There is an undeniable visceral pleasure to discussing a boycott of the Beijing Olympics. So much so that all three presidential candidates have signed on to the idea that the president skip the opening ceremonies. After all, the PRC government is behaving bestially towards the people of Tibet — as it has done consistently for the better part of sixty years. If the democracies of the world participate in the Olympics, are they not conferring legitimacy on the PRC regime? And do they not risk, as Thomas Laird worries, handing the Communist Party a propaganda victory akin to the one the Nazis enjoyed in the Berlin Olympics of 1936?
If only taking a morally proper stand by boycotting the Olympics could deliver anything to the people of Tibet. Or to the people of China, for that matter. But it cannot. The Olympics simply are not that important. What made the Nazi regime a threat to the world and its own people was not Leni Riefenstahl's work, but that of party's war machine and the SS. Suppose the 1936 Olympics had gone disastrously for Germany. Or that Germany had not hosted the Olympics at all. What have would followed? The Spanish Civil War, the Second World War, and the Holocaust would have followed. Sports boycotts are, in general, ineffectual wastes of energy and outrage. Worse than that, they underscore the notion that diplomacy is not a matter of picking the right policy to achieve a desired set of outcomes, but simply adopting the appropriate posture for every moral context. The people of Tibet will continue to suffer whether American politicians and journalists are in high dudgeon about the Olympics or not.

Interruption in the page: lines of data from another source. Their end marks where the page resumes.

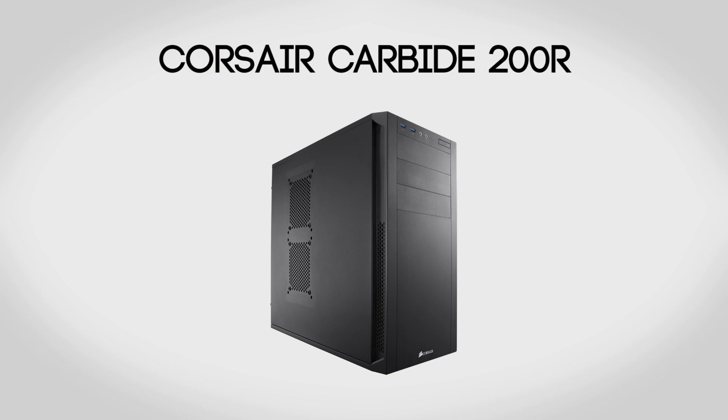For a case we're going to be using the Corsair Carbide 200R. Corsair makes some fantastic cases and the 200R is no exception. Some of the things it's got going for it is that it is a full-sized ATX enclosure, which means that you're going to have lots of room for upgrades.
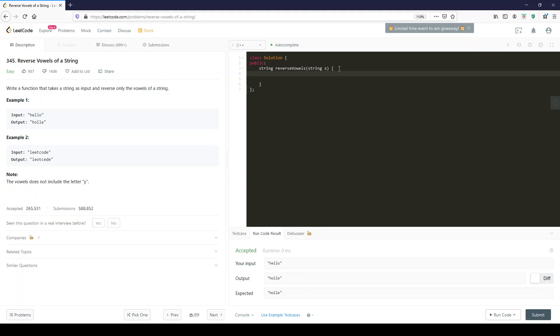However, you just have to manipulate things as you can. The first thing we're going to do here is come up with an unordered set of chars, and this is our little improvement, which we're going to call my vowels.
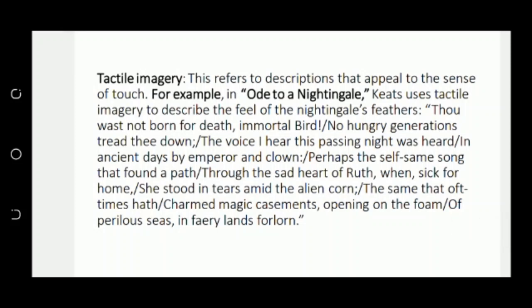Then we have tactile imagery. In tactile imagery, words are used that appeal to our sense of touch, giving pleasure while reading. For example, in Ode to a Nightingale: 'Perhaps the self-same song that found a path through the sad heart of Ruth.' Ruth is a biblical reference — a widow lady — and the nightingale's song finds a path to her heart. She suffers from homesickness and weeps in the corn fields. Then there is the image of 'magic casements opening on the foam of perilous seas in faery lands forlorn' — magical windows opened by the nightingale's voice, as a fairy sails through dangerous seas.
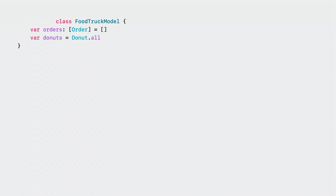What if adding @Observable is all you need to make UI respond to changes in your data models? New in Swift 5.9, you can make models simpler than ever.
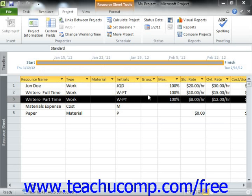Sometimes, you may need to create a new base calendar for ease of use within your project file. For example, you may choose to use the standard calendar for your project file since the majority of your work resources will use that as their default work availability schedule. However, assume that you also used a pool of part-time people as work resources.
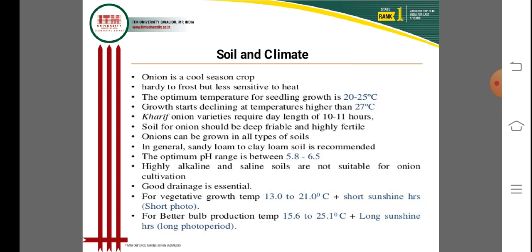Onion can be grown in all types of soil, but sandy loamy to clay loamy soil is recommended. The optimum pH range is 5.8 to 6.5 for good cultivation. Highly alkaline and highly saline soils are not suitable for onion. Good drainage is essential for successful healthy plant growth.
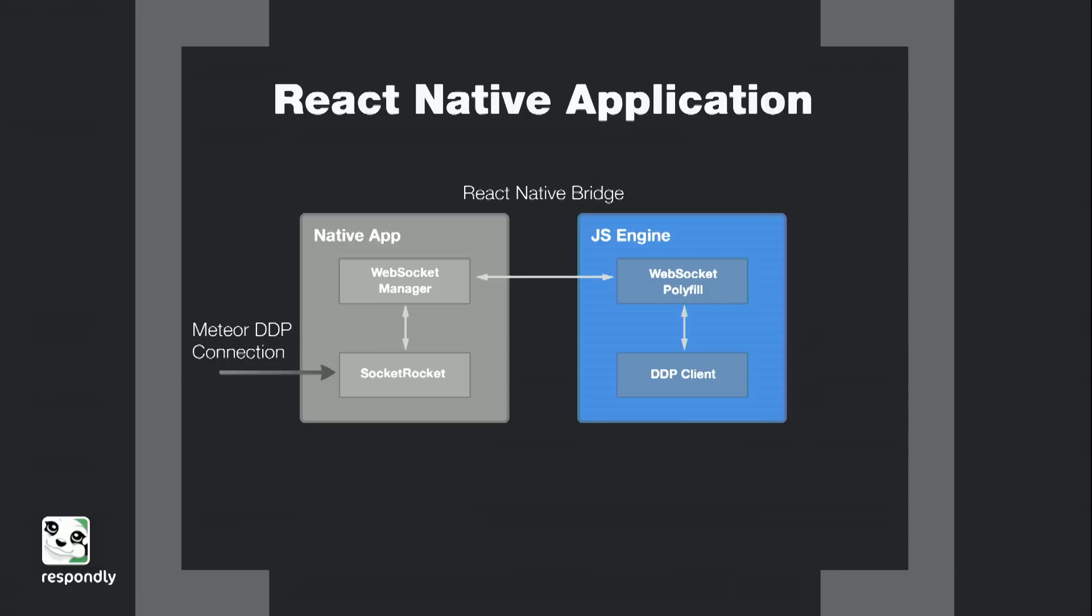So we've got our Meteor DDP connection, which is actually sitting on top of a WebSocket. And the socket library that is inside of React Native is called Socket Rocket. And some of the stuff that I built on top of that manages that socket connection and then exposes it over what's called the React Native bridge, which allows you to bridge the gap between your Objective-C code and this JavaScript engine that they're spinning up that's running inside of a different thread. And all of the code that's running here is running asynchronously. So then I built a little piece on top of that inside of JavaScript that exposes a WebSocket polyfill that basically just exposes a standard WebSocket that you would see inside of a browser.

There is one exception to the overall fecklessness of sports boycotts, but it makes the case against boycotting the Beijing Olympics, not the case for it. The ban on South Africa from international sporting competitions succeeded for three reasons: (1) South Africa's idiosyncratic attachments to cricket and rugby meant that the Republic's exclusion from, e.g., the quadrennial Rugby World Cup which began in 1987, depressed national morale in a way that is unthinkable with respect to China. (2) Unlike the silly, pointless mutual boycotts of Soviet and American Olympic games, the South African ban was not a unilateral, one-off decision by a particular state with a grudge against another, but a decades-long, internationally enforced ostracism. (3) The ban on South Africa was coupled with divestment and isolation from international markets.
None of the conditions that made the boycott of South Africa successful have even a remote chance of coming into play in the case of China. The People's Republic gained legitimacy when, despite its catastrophic human rights record, it was seated at the UN. The PRC is a major international creditor, and its economy is inextricably tied to most of the world's advanced and developing economies. For both good (as with North Korea) and ill (as with Darfur), China is too large and too important to be denied influence in international diplomacy. The PRC cares about neither sports nor public relations enough to give up its claims on Tibet.
A threat against a meaningless asset like the Olympics might salve the consciences of guilt-ridden western liberals and satisfy the emotional needs of neoconservatives to feel that, they, too, are courageous warriors. But in no case will threatening China with a bad Olympic experience actually improve the lot of the Tibetan people. That would require a long, sustained, multilateral campaign that a faddish cause like boycotting the Olympics will more likely hinder than help.